=== Data entries ===
····················

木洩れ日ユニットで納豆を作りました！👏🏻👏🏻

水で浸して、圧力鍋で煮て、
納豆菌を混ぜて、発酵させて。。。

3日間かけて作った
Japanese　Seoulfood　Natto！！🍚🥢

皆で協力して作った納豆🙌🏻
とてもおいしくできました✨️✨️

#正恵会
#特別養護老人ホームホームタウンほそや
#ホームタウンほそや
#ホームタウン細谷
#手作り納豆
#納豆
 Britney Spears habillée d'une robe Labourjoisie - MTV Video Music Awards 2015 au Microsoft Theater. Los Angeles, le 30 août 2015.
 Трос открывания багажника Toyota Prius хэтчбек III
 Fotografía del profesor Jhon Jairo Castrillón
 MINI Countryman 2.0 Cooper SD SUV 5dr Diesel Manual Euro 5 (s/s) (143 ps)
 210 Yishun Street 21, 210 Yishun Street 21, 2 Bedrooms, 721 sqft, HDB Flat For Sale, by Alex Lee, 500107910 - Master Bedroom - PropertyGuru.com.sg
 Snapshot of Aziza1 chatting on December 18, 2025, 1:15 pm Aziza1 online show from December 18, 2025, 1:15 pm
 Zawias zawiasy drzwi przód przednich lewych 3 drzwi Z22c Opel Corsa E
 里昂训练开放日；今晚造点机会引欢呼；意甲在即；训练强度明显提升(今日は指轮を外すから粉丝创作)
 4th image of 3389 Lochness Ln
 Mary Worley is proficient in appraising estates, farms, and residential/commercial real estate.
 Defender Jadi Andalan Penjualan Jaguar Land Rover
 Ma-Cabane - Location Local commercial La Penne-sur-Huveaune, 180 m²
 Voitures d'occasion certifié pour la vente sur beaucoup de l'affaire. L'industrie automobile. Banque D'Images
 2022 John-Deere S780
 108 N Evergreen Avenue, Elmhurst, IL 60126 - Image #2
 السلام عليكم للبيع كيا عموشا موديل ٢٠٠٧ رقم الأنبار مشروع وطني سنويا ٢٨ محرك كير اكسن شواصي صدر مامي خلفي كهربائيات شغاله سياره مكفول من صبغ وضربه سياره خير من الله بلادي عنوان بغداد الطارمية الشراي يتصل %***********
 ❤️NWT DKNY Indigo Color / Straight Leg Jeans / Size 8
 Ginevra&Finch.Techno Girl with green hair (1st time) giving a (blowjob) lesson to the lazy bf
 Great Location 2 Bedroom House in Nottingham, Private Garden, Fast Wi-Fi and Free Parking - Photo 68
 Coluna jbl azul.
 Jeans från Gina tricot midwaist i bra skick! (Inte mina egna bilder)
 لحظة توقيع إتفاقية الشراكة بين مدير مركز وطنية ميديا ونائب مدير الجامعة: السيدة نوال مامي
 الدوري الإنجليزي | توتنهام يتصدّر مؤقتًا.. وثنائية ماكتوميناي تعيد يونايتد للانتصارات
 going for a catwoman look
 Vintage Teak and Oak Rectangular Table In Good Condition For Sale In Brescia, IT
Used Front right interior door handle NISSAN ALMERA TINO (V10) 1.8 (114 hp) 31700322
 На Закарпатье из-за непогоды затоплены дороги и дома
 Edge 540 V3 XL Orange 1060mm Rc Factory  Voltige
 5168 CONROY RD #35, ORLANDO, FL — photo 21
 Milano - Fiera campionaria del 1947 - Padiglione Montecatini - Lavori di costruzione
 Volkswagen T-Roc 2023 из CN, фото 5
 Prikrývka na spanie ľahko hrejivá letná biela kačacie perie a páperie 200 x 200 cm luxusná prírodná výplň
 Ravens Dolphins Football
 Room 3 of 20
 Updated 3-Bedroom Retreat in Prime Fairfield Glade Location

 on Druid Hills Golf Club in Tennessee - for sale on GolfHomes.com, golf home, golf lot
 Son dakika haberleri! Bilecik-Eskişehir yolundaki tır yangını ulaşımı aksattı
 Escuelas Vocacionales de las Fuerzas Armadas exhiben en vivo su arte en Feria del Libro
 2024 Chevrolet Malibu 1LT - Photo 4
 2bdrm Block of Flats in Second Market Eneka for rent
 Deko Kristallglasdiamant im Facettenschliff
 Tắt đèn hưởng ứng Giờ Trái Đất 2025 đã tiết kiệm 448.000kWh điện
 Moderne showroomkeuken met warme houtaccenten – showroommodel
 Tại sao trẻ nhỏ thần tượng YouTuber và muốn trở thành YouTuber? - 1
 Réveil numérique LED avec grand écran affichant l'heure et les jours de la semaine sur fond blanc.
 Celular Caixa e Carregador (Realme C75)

····················

=== Goal of the exercise ===
Up to and including the line with "Zawias zawiasy drzwi", please return the records exactly, beginning from their first line.

=== The answer ===
木洩れ日ユニットで納豆を作りました！👏🏻👏🏻

水で浸して、圧力鍋で煮て、
納豆菌を混ぜて、発酵させて。。。

3日間かけて作った
Japanese　Seoulfood　Natto！！🍚🥢

皆で協力して作った納豆🙌🏻
とてもおいしくできました✨️✨️

#正恵会
#特別養護老人ホームホームタウンほそや
#ホームタウンほそや
#ホームタウン細谷
#手作り納豆
#納豆
 Britney Spears habillée d'une robe Labourjoisie - MTV Video Music Awards 2015 au Microsoft Theater. Los Angeles, le 30 août 2015.
 Трос открывания багажника Toyota Prius хэтчбек III
 Fotografía del profesor Jhon Jairo Castrillón
 MINI Countryman 2.0 Cooper SD SUV 5dr Diesel Manual Euro 5 (s/s) (143 ps)
 210 Yishun Street 21, 210 Yishun Street 21, 2 Bedrooms, 721 sqft, HDB Flat For Sale, by Alex Lee, 500107910 - Master Bedroom - PropertyGuru.com.sg
 Snapshot of Aziza1 chatting on December 18, 2025, 1:15 pm Aziza1 online show from December 18, 2025, 1:15 pm
 Zawias zawiasy drzwi przód przednich lewych 3 drzwi Z22c Opel Corsa E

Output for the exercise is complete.